A DataFrame is a two-dimensional tabular data structure with labeled axes (rows and columns). It can be thought of as a collection of Series sharing the same index. We can create a DataFrame from various data sources such as dictionaries, lists, or even NumPy arrays.

Let's create a simple Pandas DataFrame:

import pandas as pd

data = {
    'A': [1, 2, 3],
    'B': [4, 5, 6],
    'C': [7, 8, 9]
}

df = pd.DataFrame(data)

print(df)

Load Built-in Datasets

For this course, we will use built-in datasets provided by Plotly and Pandas. Let's load the famous "Iris" dataset using the Plotly Express library:

import plotly.express as px

iris_df = px.data.iris()
print(iris_df.head())

Now that we have loaded the Iris dataset into a DataFrame, let's explore some basic Pandas operations and functions.

Basic Operations and Functions

DataFrame Information

To get basic information about a DataFrame, such as the number of rows and columns, data types, and memory usage, we can use the info() function:

  • iris_df.info()

Descriptive Statistics

To get summary statistics of the numerical columns in a DataFrame, we can use the describe() function:

iris_df.describe()

Selecting Columns

To select a single column from a DataFrame, we can use either the column name in square brackets ['column_name'] or the column name as an attribute .column_name:

species_column = iris_df['species']
species_column

Filtering Data

To filter rows based on a condition, we can use boolean indexing. For example, let's filter the Iris dataset to only include rows where the sepal_width is greater than 3:

filtered_df = iris_df[iris_df['sepal_width'] > 3]
filtered_df

Grouping Data

We can group data based on the values in one or more columns using the groupby() function. For example, let's group the Iris dataset by the species column and calculate the mean of the other columns:

grouped_df = iris_df.groupby('species').mean()
grouped_df

Sorting Data

To sort a DataFrame based on the values in one or more columns, we can use the sort_values() function. For example, let's sort the Iris dataset by the sepal_length column in descending order:

sorted_df = iris_df.sort_values('sepal_length', ascending=False)
sorted_df

In the next lesson, we will learn how to create interactive visualizations using Plotly and Pandas together.

Exercises

1. Introduction to Pandas

Instruction

In this exercise, you will practice basic Pandas operations using the Iris dataset. Follow these steps:

  1. Import the necessary libraries:

python import pandas as pd import plotly.express as px

  1. Load the Iris dataset into a DataFrame called iris_df:

python iris_df = px.data.iris()

  1. Filter the Iris dataset to only include rows where the sepal_width is greater than 3. Assign the result to a new DataFrame called filtered_df.

  2. Group the filtered dataset by the species column and calculate the mean of the other columns. Assign the result to a new DataFrame called grouped_df.
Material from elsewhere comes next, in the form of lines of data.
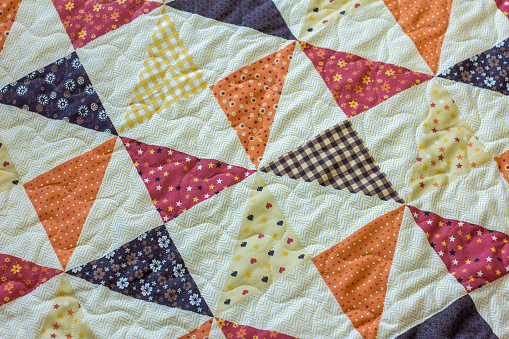 Quilt. A fragment of a patchwork quilt as a background. Colored patchwork quilt.
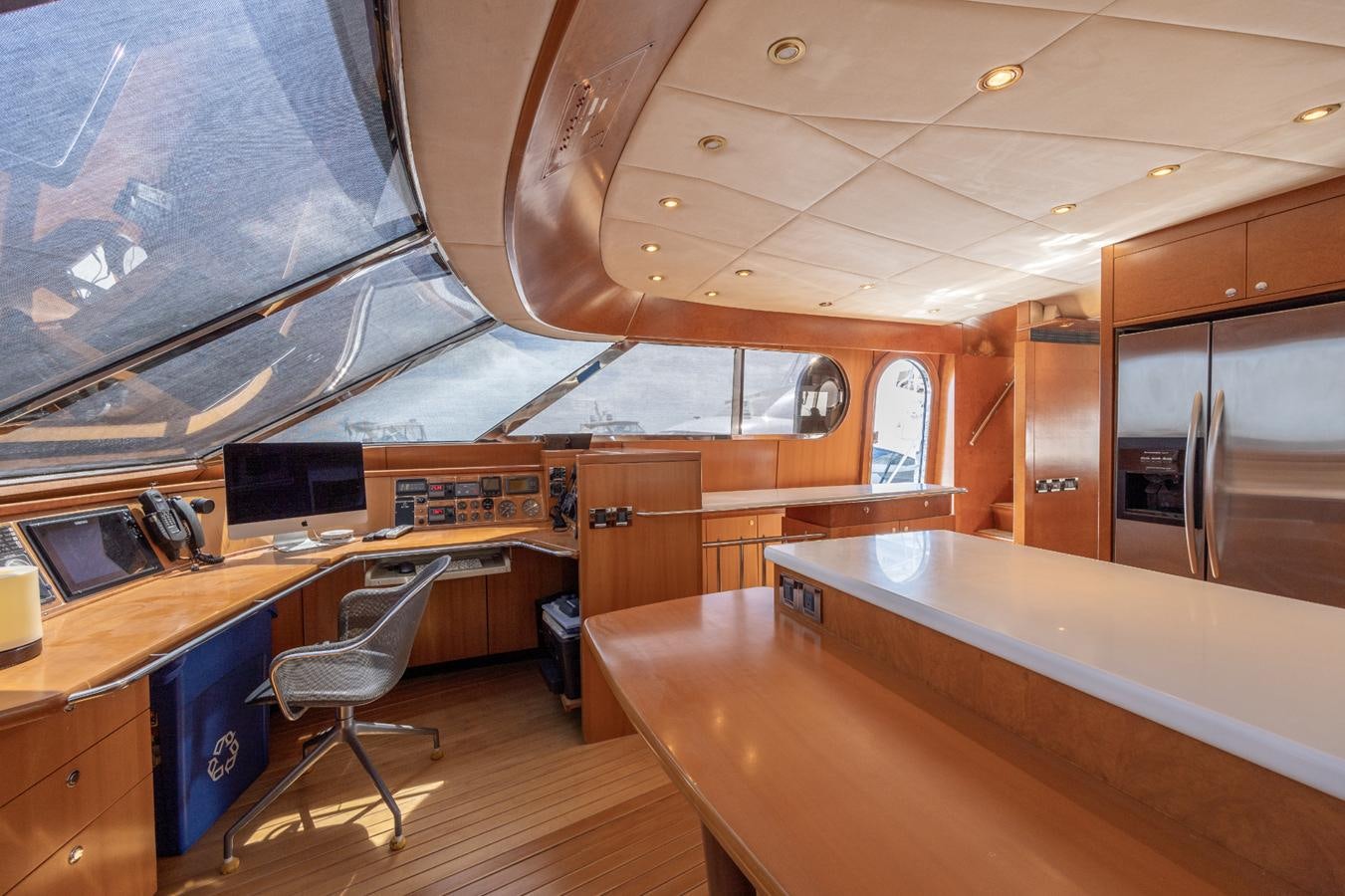 a room with a desk and chairs aboard CINNABAR VI Yacht for Sale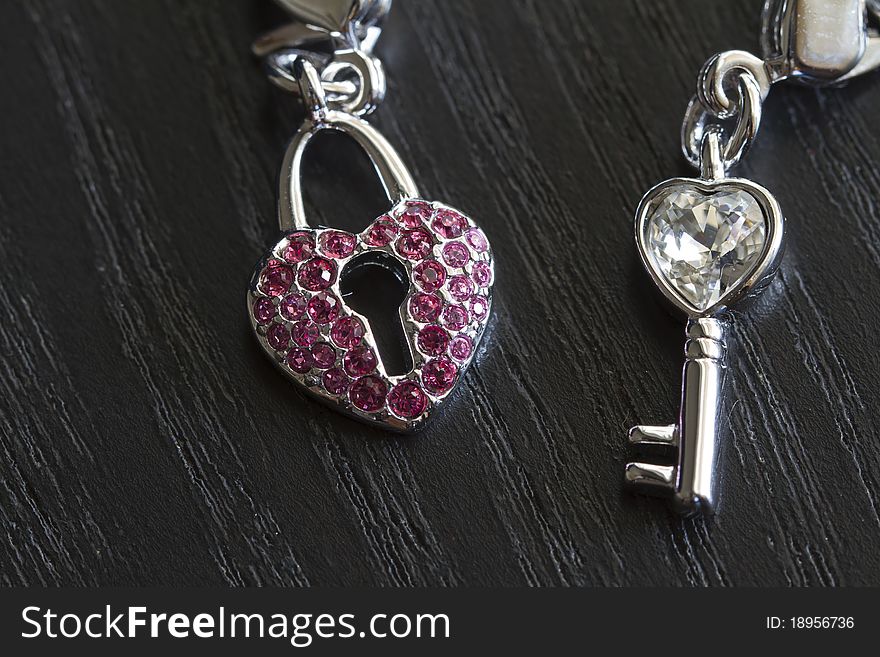 Closeup photo of a heart and key jewerly. Closeup photo of a heart and key jewerly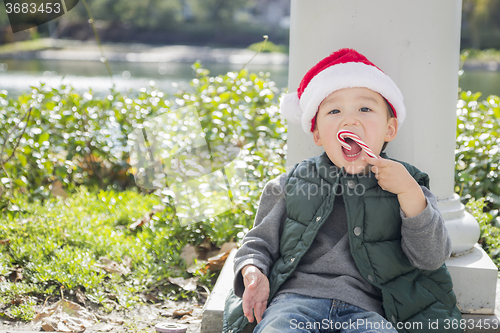 Image of Cute Mixed Race Boy With Santa Hat and Candy Cane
  3. Create a bar plot of the grouped_df DataFrame using Plotly Express, with the species column on the x-axis and the sepal_width column on the y-axis. Assign the result to a variable called fig.

  4. Finally, display the plot using fig.show().

My Solution

# Your solution goes here

Hint

Remember to use the groupby() function to group the data by the species column, and the mean() function to calculate the mean of the other columns. Use the px.bar() function to create a bar plot with the species column on the x-axis and the sepal_width column on the y-axis.

Solution

import pandas as pd
import plotly.express as px

iris_df = px.data.iris()
filtered_df = iris_df[iris_df['sepal_width'] > 3]
grouped_df = filtered_df.groupby('species').mean()
fig = px.bar(grouped_df, x=grouped_df.index, y='sepal_width')
fig.show()